- **Source information**

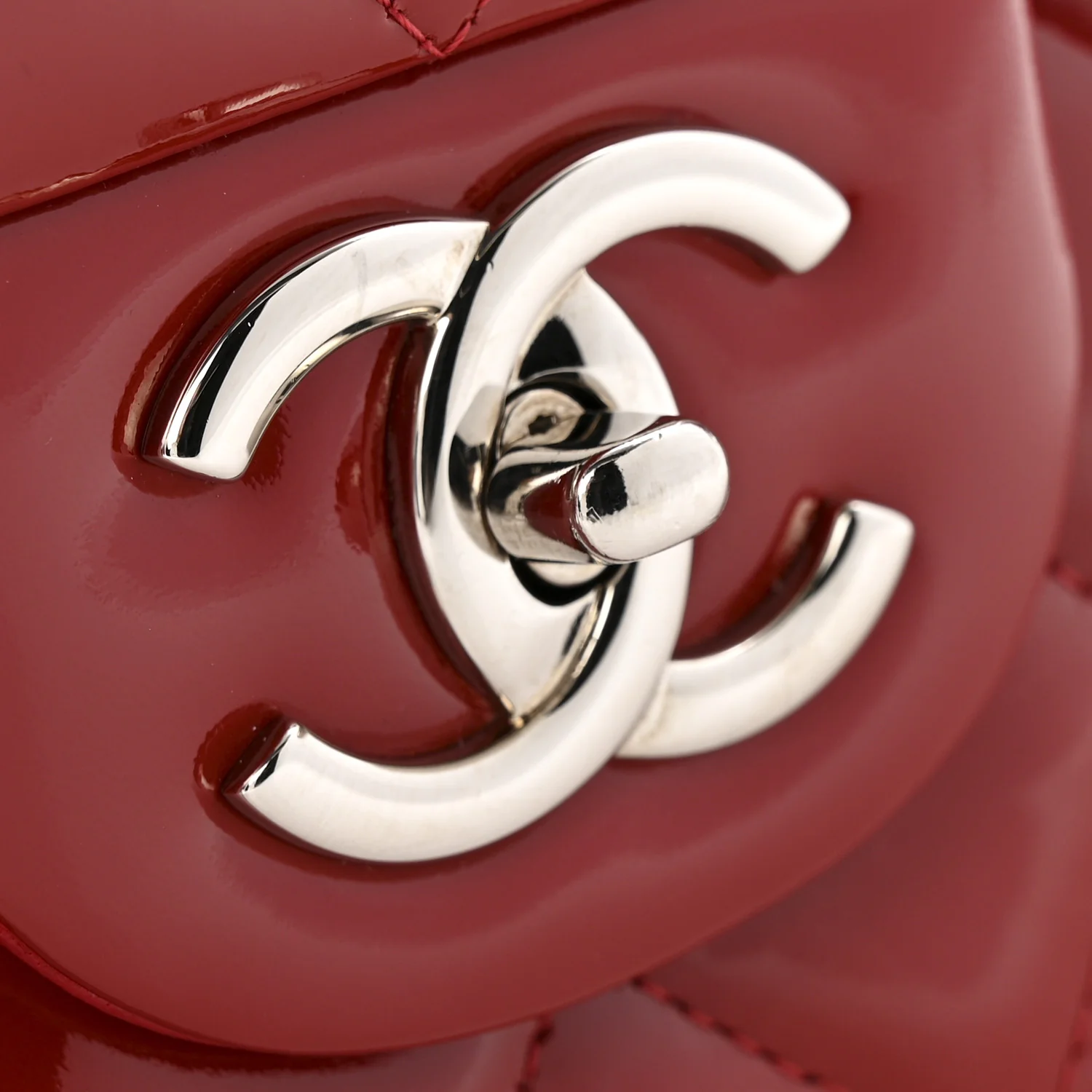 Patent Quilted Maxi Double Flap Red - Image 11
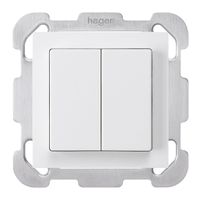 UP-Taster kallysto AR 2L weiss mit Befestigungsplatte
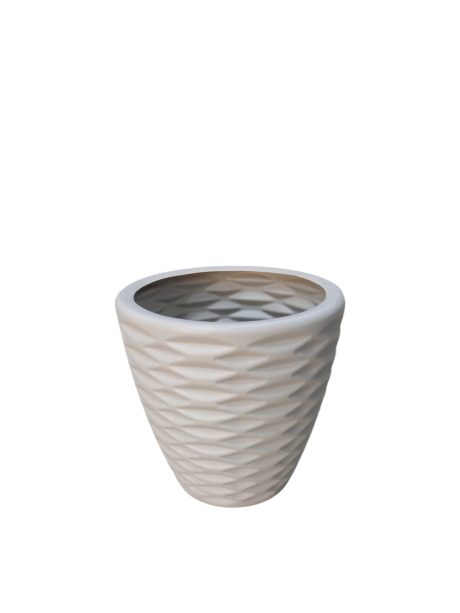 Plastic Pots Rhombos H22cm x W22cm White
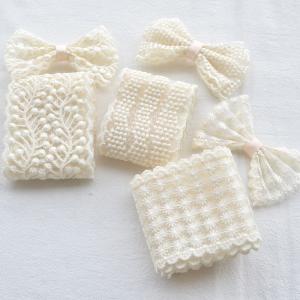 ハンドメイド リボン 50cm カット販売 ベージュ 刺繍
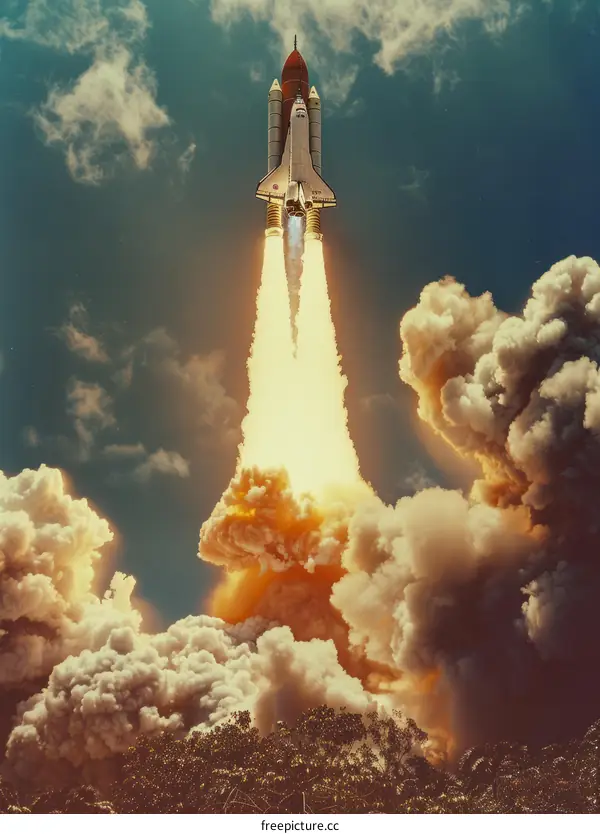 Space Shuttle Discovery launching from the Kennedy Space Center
==
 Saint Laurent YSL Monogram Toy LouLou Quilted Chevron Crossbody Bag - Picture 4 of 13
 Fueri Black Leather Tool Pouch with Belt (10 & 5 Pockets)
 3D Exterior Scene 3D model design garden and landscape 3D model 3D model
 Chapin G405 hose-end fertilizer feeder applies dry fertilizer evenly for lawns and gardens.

- **What to produce**
Above are some lines. Repeat exactly, and only, those from the line that has "3D Exterior Scene" through the line that has "Chapin G405 hose-end".

- **Task solution**
 3D Exterior Scene 3D model design garden and landscape 3D model 3D model
 Chapin G405 hose-end fertilizer feeder applies dry fertilizer evenly for lawns and gardens.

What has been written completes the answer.